Look through the lines below and copy each one that includes "sale".
== == ==
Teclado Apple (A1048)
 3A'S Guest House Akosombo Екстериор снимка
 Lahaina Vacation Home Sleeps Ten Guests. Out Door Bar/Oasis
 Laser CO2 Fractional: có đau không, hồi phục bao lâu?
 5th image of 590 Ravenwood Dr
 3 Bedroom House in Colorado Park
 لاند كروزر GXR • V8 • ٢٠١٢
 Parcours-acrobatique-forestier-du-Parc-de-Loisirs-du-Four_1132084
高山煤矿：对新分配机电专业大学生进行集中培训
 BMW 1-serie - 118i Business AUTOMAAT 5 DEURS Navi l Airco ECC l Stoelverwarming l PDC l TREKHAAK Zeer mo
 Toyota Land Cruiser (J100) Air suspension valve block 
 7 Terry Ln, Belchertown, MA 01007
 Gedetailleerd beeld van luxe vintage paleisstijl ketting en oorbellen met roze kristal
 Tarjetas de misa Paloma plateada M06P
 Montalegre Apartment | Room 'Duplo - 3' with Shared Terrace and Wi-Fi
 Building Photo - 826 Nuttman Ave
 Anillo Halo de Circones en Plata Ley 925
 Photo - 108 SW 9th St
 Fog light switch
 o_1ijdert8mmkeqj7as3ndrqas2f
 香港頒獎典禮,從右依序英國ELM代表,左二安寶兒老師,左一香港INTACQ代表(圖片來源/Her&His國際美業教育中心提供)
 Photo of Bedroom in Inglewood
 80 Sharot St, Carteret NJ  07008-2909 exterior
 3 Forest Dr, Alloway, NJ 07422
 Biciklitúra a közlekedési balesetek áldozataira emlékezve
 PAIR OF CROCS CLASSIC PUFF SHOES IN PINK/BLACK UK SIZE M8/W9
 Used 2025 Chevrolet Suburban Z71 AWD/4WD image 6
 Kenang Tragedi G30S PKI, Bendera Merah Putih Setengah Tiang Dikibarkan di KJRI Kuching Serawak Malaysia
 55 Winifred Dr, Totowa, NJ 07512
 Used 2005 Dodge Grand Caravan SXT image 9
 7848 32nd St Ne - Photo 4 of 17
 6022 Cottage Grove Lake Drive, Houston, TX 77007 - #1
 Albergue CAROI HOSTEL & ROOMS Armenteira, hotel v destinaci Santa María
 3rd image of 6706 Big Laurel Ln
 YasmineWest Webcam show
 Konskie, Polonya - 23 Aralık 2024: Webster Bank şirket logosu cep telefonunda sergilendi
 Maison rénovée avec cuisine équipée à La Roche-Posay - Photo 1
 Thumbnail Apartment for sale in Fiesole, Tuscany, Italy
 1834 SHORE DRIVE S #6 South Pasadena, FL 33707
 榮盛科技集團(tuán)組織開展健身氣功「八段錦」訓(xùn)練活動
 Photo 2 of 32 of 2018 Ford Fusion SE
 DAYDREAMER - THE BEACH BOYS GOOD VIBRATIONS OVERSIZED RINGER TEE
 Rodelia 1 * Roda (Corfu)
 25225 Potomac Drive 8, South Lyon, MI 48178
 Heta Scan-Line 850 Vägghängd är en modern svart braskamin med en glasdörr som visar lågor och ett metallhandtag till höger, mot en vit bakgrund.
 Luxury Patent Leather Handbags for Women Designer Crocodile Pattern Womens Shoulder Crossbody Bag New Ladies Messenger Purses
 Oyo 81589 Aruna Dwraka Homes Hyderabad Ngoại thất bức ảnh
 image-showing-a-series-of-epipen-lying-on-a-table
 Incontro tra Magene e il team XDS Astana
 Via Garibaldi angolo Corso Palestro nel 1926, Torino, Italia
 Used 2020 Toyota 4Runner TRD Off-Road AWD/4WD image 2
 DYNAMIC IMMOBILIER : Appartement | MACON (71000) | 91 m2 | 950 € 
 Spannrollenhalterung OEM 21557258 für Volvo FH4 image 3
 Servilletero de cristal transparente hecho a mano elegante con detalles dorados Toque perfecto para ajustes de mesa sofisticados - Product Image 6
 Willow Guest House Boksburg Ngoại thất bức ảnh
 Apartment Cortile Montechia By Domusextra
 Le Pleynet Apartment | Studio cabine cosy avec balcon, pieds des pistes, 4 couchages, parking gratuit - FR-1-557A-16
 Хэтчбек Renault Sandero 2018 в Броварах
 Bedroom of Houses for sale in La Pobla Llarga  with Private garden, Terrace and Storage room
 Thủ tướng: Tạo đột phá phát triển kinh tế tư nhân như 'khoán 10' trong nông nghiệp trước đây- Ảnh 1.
== == ==
◆ Answer to this problem
 Thumbnail Apartment for sale in Fiesole, Tuscany, Italy
 Bedroom of Houses for sale in La Pobla Llarga  with Private garden, Terrace and Storage room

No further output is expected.